O Projeto Juquinha é sediado na cidade de Paragominas, no Pará, e trabalha com crianças e adolescentes portadoras de necessidades especiais. Segundo a própria entidade, hoje são mais de 100 crianças atendidas na região por meio de doações de dinheiro, alimentos e roupas. A cantora paraense Gaby Amarantos é uma das embaixadoras do projeto. No começo deste ano, porém, ele estava em crise e, por isso, Márcio decidiu que, se completasse todo o trajeto do Caminho de Compostela, seus patrocinadores deveriam “apadrinhar” cada criança atendida.

O desafio foi concluído no final de outubro: em 6 dias, 11 horas e 2 minutos –três horas a menos que o antigo recordista, o espanhol Óscar Pasarin–, Márcio é hoje o homem que fez o caminho da França à Espanha em menos tempo. “O Projeto Juquinha ficou conhecido no mundo inteiro”, comemorou ele.

Márcio bateu recorde do espanhol Óscar Pasarin

No mesmo período e ritmo, Fellipe acompanhou o ultramaratonista durante todo o trajeto. “Foi cinema de guerrilha: eu estava sozinho, levando equipamento, iluminação, mochila nas costas, ora viajando de bicicleta, ora de carro, com pouco tempo para dormir, mas, ao mesmo tempo, foi gratificante demais”, finaliza.

O caminho de Santiago de Compostela

Rowerem do Santiago
Créditos: Getty Images/iStockphoto
Rowerem do Santiago

Não existe um único caminho para se chegar a Santiago de Compostela, na Espanha. Na verdade, a peregrinação até a igreja espanhola é formada por diversas rotas possíveis que saem de diversos locais da Europa. Uma das mais famosas –e que Márcio fez– é a que sai de Saint-Jean-Pied-de-Port, na França, e cruza boa parte do território espanhol, percorrendo cerca de 820 quilômetros. Normalmente, quem faz um trecho de até 200 quilômetros de bicicleta ganha o certificado dos organizadores da peregrinação.

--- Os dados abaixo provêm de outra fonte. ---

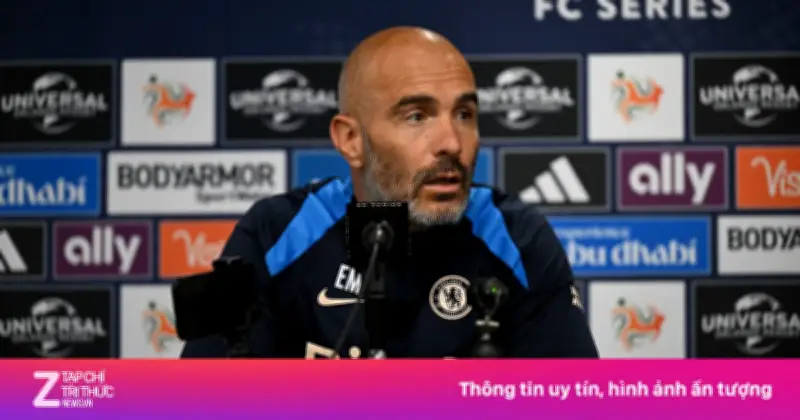 Man City ưu tiên Enzo Maresca làm HLV kế nhiệm Guardiola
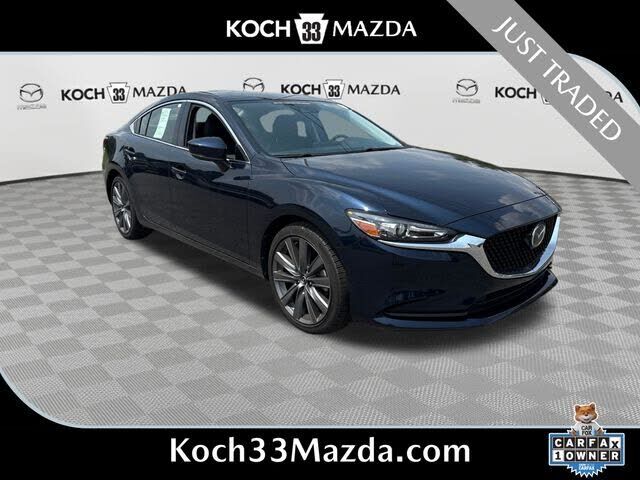 2021 MAZDA Mazda6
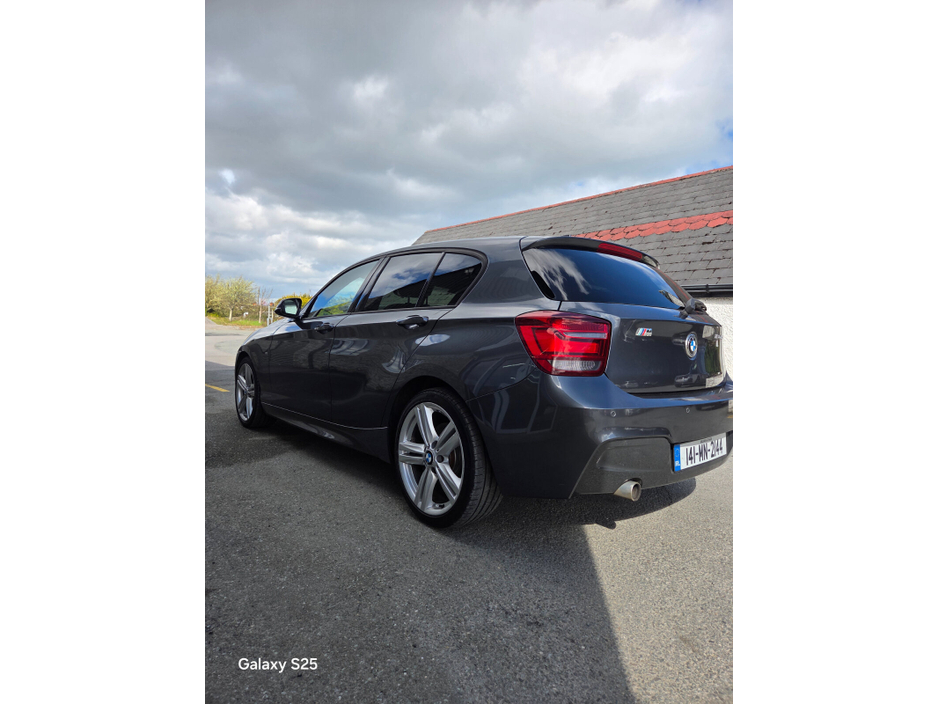 2014 BMW 1 Series - image 7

“Em termos gerais, quando as pessoas falam sobre o Caminho de Santiago, estão se referindo à rota entre Saint-Jean e Compostela”, afirma a blogueira Raquel Santos, do blog Diários de Compostela.

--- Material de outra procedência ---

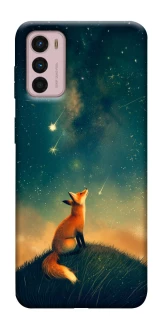 Чехол на Motorola Moto G42 Sky fox фото 1 из 1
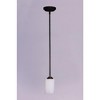 Maxim Lighting Deven 1 - Light Pendant in  Oil Rubbed Bronze - 2 of 2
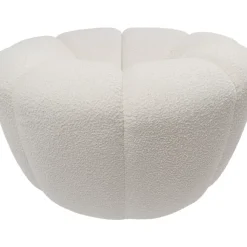 Outlet Drehsessel Peppo Lounge Weis Sessel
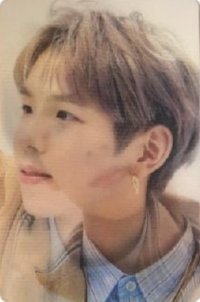 NCT時期 周邊卡 變化卡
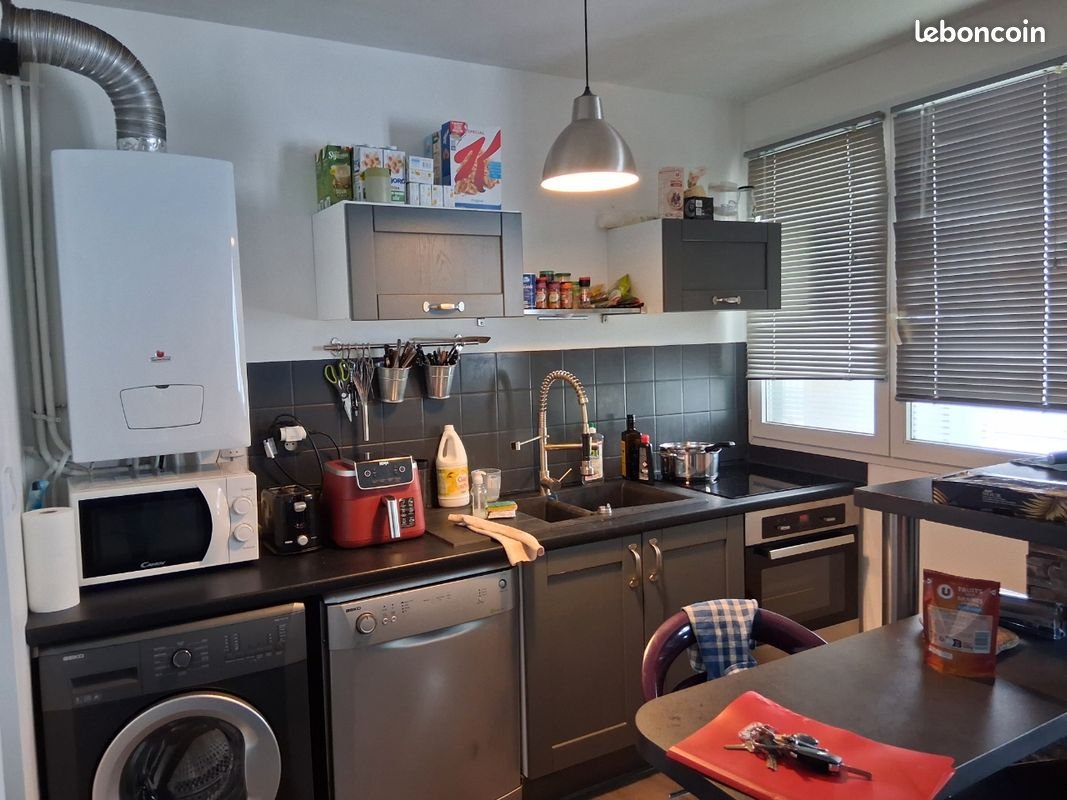 Appartement à vendre, 49m², Tours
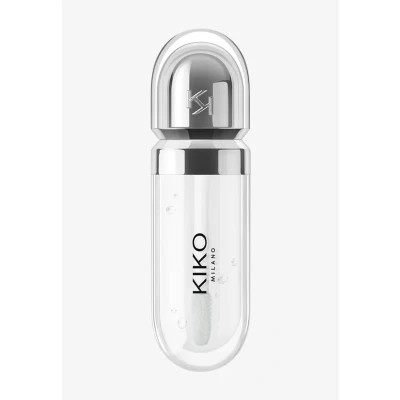 Immagine di KIKO Milano 3D Hydra Lipgloss Lucidalabbra 01 Clear, Donna, Taglia: 6.5 ml, clear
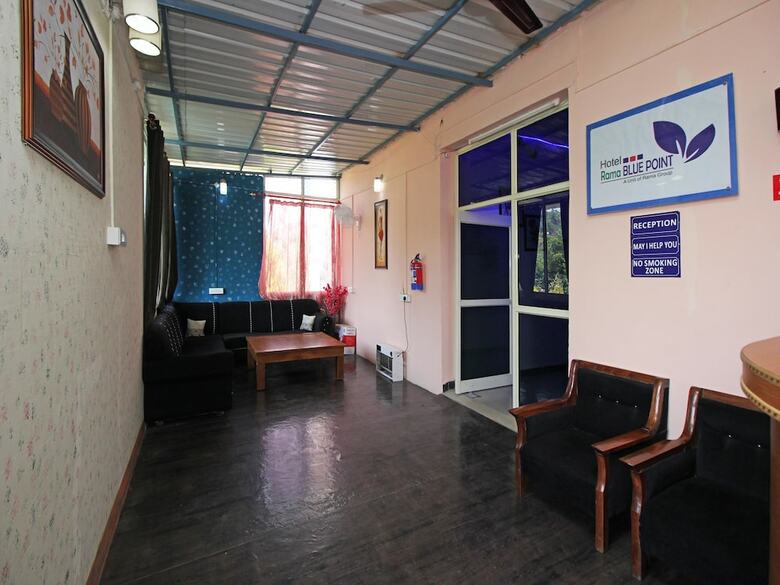 Oyo 5175 Hotel Rama Blue Point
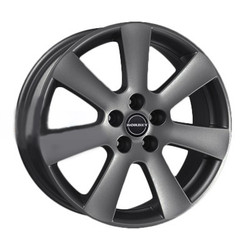 ���� ����� Borbet CA 17/7 ET38 Metal grey ������ � ��������-�������� � plusauto24.ru � �����������
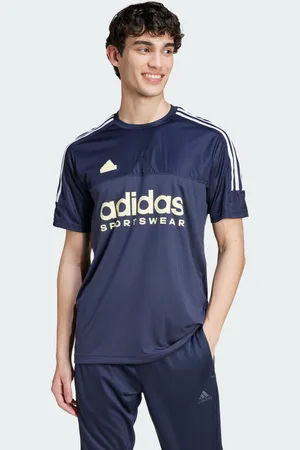 adidas Mens Tiro Tee - Recycled Material - Size Small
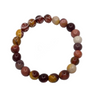 GB Mookaite 8 mm Elastic Bracelet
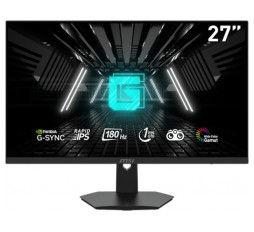 Slika proizvoda: Zaslon MSI G274F 27" / FHD / 180Hz / Rapid IPS / 1ms (GTG) / crni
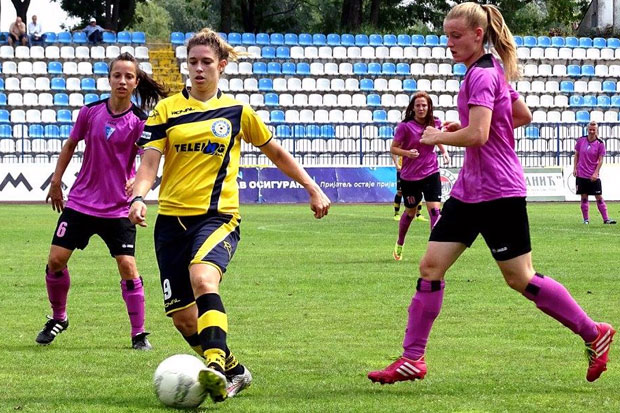 "Golubice" obavljaju poslednje pripreme pred kvalifikacioni turnir za Ligu šampiona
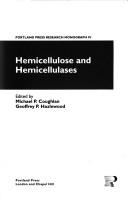 Cover of: Hemicellulose and Hemicellulases | M. P. Coughlan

A peregrinação termina na Catedral de Santiago de Compostela, na Galícia, construída entre os séculos 11 e 12. Nela, está o túmulo de Santiago Maior, padroeiro da Espanha e que, desde sua morte, fez com que os católicos fossem à cidade para oferecer sua devoção. A primeira rota se estendia por toda a Península Ibérica e registrava até a morte de alguns cristãos durante o trajeto. Alguns historiadores afirmam que o Caminho de Santiago foi importante para estabilizar o reino da Espanha com a união dos reis hispânicos, no século 16.

Em 1985, a Unesco, braço para a cultura das Nações Unidas, declarou a igreja Patrimônio Material da Humanidade. Em 1993, o governo da Galícia investiu grandes quantias de dinheiro para promover e revitalizar os caminhos a Santiago, o que levou cada vez mais turistas à cidade. Em 2016, a capital galega bateu o recorde de visitantes em um só ano: cerca de 270 mil pessoas conheceram a catedral durante o período.